I found it beneficial to work with fairly large batch sizes and a higher learning rate, especially for the Critic network. The latter is particularly useful since the sooner we learn how to infer value well, the earlier we start generating better actions. I kept a fairly high minimum noise added for exploratory actions, and used a high (10) number of update cycles to run per batch. 

## Results
Using this implementation, the task was solved in around 1,000 episodes. During training, I increased the criterion to an average score of 0.75 since I wanted to watch agents playing well. 
![plot](Solved.png)  

## Ideas for future research
- Double Q learning: in DDQN, we use a double network for estimating targets in order to solve the problem of 'optimism' in action values.
- Prioritized replay: instead of sampling experiences at random, do so based on how much there is to be learnt from them. This would involve a different loss function, since prioritised experiences would need to be weighted in proportion to how (in)frequent they are so as not to train on a different distribution from the one actually observed by the agent.

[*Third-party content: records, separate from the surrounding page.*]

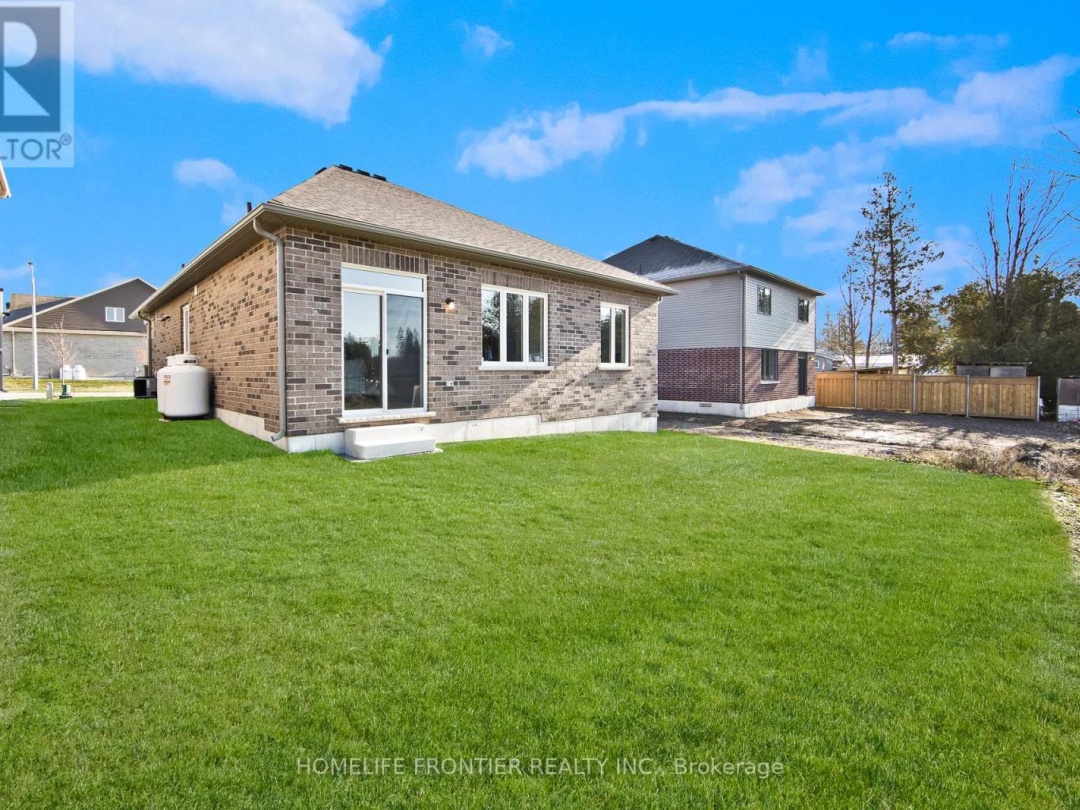 11 SPRUCESIDE DRIVE, 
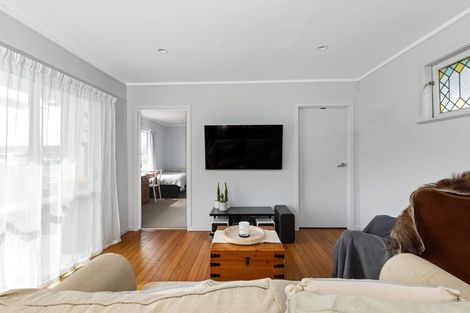 Photo of property in 1/212 Centreway Road, Orewa, 0931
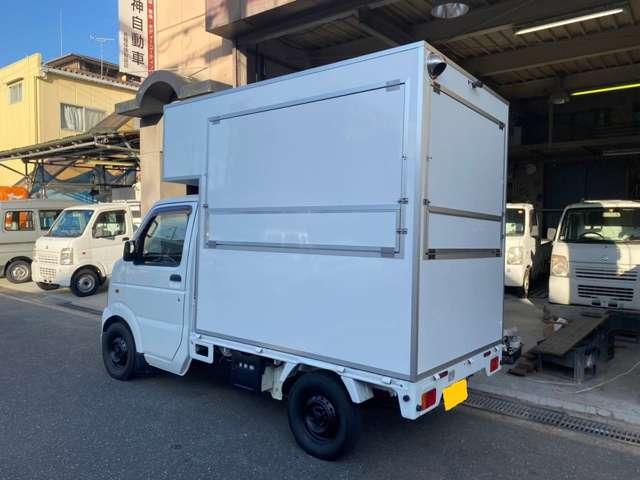 　キッチンカー．移動販売車．ケータリングカー．フードトラック（Ｂ）　／前方収納．側面・後方跳上扉＆テーブル．サッシ．ドア．２層シンク＆タンク．換気扇．床．照明．外部内部電源(3枚目)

- A 'real' multi-agent implementation: as discussed above, my reasoning for having a single Actor-Critic structure controlling both agents was principled on the structure, generalization desirability and collaborative nature of the task. I'd be curious to implement 2 separate policy networks to see if different strategies unfolded for the 2 agents. One way to do this would perhaps be to implement 2 critics where each has access to its states plus the two agents' actions. I think a shared critic in this situation would result in very similar policies developing, hence my preference for distinct critics, which would also entail each agent having its own replay buffer. The idea would be that competition leads to each agent pulling the other's performance up in an 'arms race', as an alternative to the current more collaborative approach. I don't know if this would work, but I like the 'realism' of an agent being able to observe only its own states and the opponent's actions.

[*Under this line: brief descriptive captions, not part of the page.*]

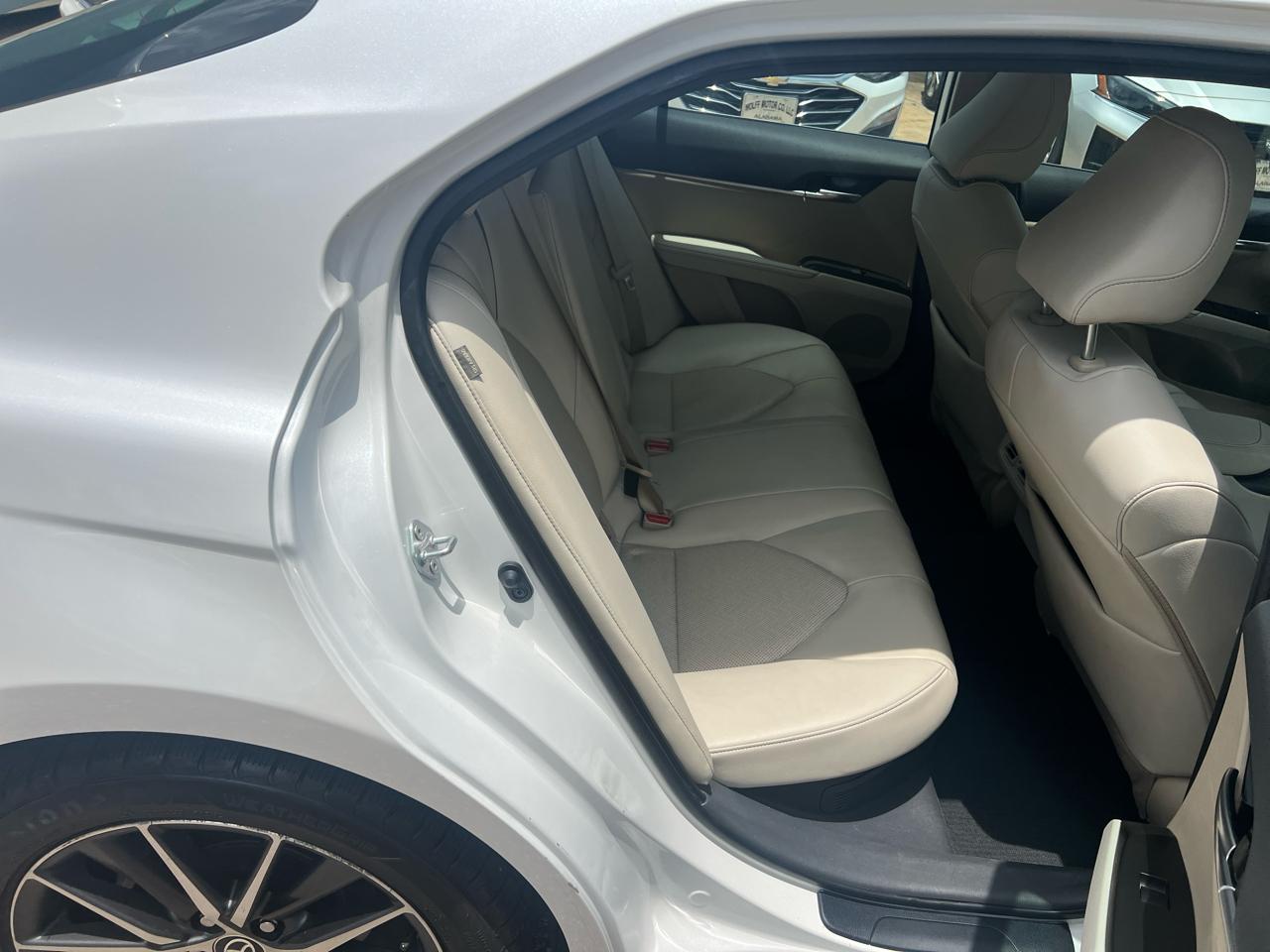 Toyota Camry Hybrid XLE CVT (Natl) 2022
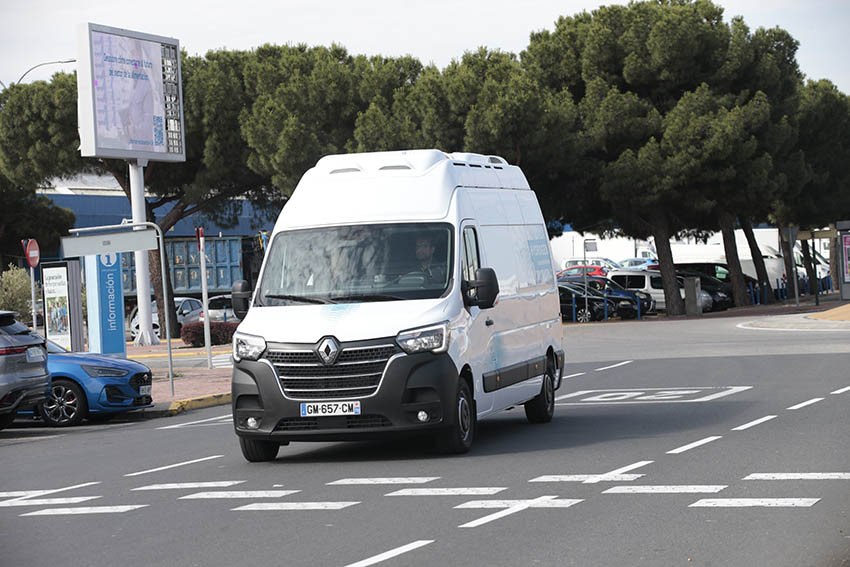 HYVIA y Plug presentan en Mercamadrid la Renault Master Van H2-TECH de hidrógeno.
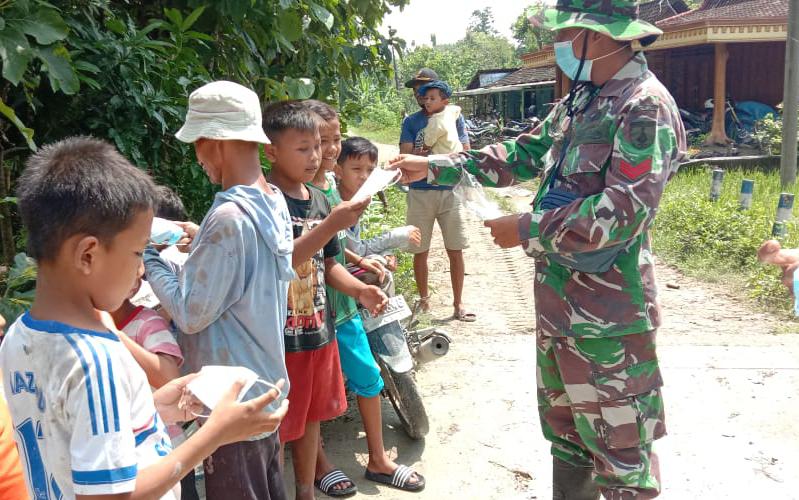 Penanganan Covid-19, Satgas TMMD Bojonegoro Bagikan Masker Ke Warga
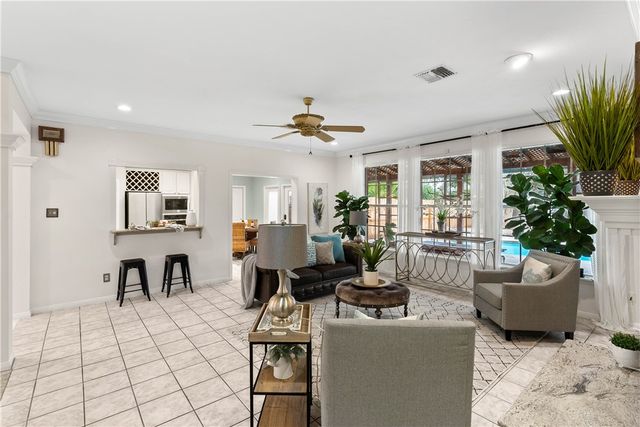 8002 Villefranche Dr, Corpus Christi, TX 78414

- An interesting thing I noticed in my solution and others' is that performance seems to follow a slow time-scale of peaks and valleys during learning. For example, there's a bump in performance between episode 200 and 500, and a valley from there to around 650. This is followed by a bump into a plateau and a higher bump shortly before 1,000 episodes which itself is followed by a drop and a further increase. I wonder where this behaviour comes from. It can't be the exploration rate contributed by additive noise because that is monotonically declining. Beyond some residual inherent instability of deep nets in function approximation, I don't have a particular idea where these slow dynamics come from, but if the reviewer has a suggestion or literature which has dug into it, I'd be really interested to know more.

Thanks for reading!